Captain Claire Chennault had resigned from the U.S. Army Air Corps in 1937 over dissatisfaction with his promotion prospects. A former tactical instructor, he took an offer to help train and survey the Chinese Air Force. When the second Sino-Japanese war broke out later that year, Japanese air superiority let them bomb China with virtual impunity.
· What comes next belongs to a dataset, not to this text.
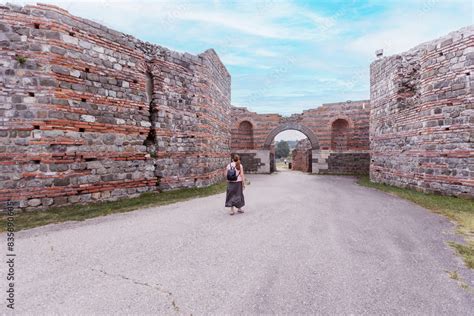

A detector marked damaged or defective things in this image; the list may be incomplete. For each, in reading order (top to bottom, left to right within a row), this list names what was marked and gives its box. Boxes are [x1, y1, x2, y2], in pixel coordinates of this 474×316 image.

The massive destruction and loss of life would presage the terrible destruction wreaked on Japan by American bombing years later, with biological weapons taking the place of nuclear ones.

Faced with the utter collapse of an already Chinese inferior air force, Chennault was sent back to the United States with a Chinese delegation in 1941 to arrange for as many planes and as much logistical support as possible. Chennault had conceived of raising a small, elite air force of American personnel to fight the Japanese directly. President Franklin Roosevelt and key members of his administration were sympathetic to the Chinese cause.

As Chennault saw it, war between the United States and Japan was all but inevitable, and unlike many of his former colleagues, believed that China could serve as a base for later offensive operations against the Japanese home islands. Many senior military leaders totally opposed the idea, seeing it as draining experienced and vital personnel during a time of large scale armed buildup.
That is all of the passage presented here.